Examination of Witnesses (Questions 283
TUESDAY 5 FEBRUARY 2002
283. Ladies and gentlemen, thank you very much,
indeed, for coming. We are delighted to see you. We still have
memories of the excellent session with you during our last inquiry.
If you have an opening statement you would like to make we would
be glad to hear it, otherwise we will move straight into questioning.
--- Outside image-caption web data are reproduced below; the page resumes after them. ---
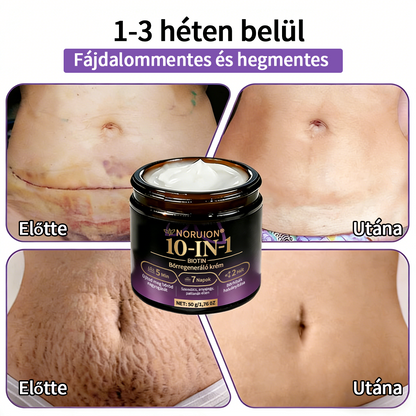 ✨ NORUION® Biotin 10 az 1-ben Bőrmegújító Krém  (👨‍⚕‍CE Tanúsítvány)👍✅ Magyar fejlesztés, magyarországi gyártás és szállítás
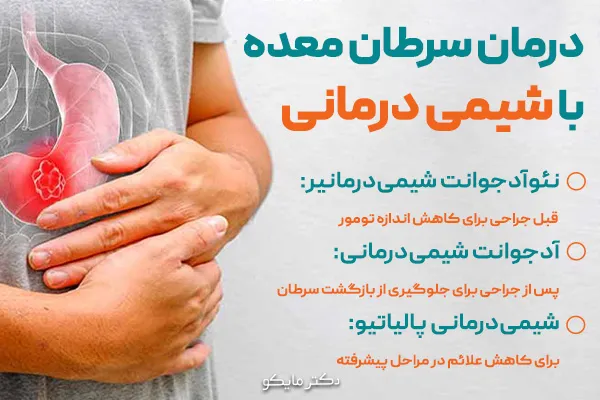 درمان سرطان معده با شیمی درمانی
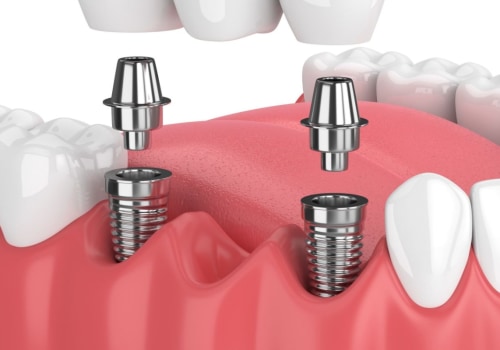 Is Tooth Implant Surgery Painful?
(Ms Thomson) I think we will be very
brief in our opening remarks. We have been very interested in
the sessions that preceded us. I would just like to recite the
fact that AOL Time Warner was founded on convergence, and was
founded on the idea that the communication industry is converging
and that that will bring about amazing consumer services in the
future. We are uniquely positioned to bring, perhaps, a consumer
perspective and would like to simply assert that there is substantial
demand for broadband currently in the consumer market in the United
Kingdom. There is, we believe, an over-focus on content issues
at present and we would like to assert that there is still a major
issue round access to infrastructure and the competition and price
points that are all in broadband in the United Kingdom today,
which are standing in the way of broadband Britain as we all hope
to see it in the future.
284. Our job here is to look after the consumer,
it is not always to look at the small side of things but to look
to the future. You just heard us asking questions about competition,
and I would like to continue that, if I may. We have two very
powerful companies, Sky who achieved that situation in the industry
by investing a lot of money where others did not, and we have
BT, for historical reasons. We have also heard in the last few
minutes that possibly ministers, not because they are not intelligent
enough but because all politicians are driven along by demands
on a day-by-day basis, and there is little time for politicians
to look far enough ahead. Do you think we need a more powerful
OFCOM, in that we really need the experts in technology and industry
to get together to look forward to plan for competition? It is
difficult to dismantle what BT already have. We have heard about
the share holding in Cable & Wireless, there may be shareholders
in BT who find their investment going down by 75 per cent if suddenly
we came along and demolished the partial monopoly they have. Do
you think we need a more powerful body than OFCOM looks like being?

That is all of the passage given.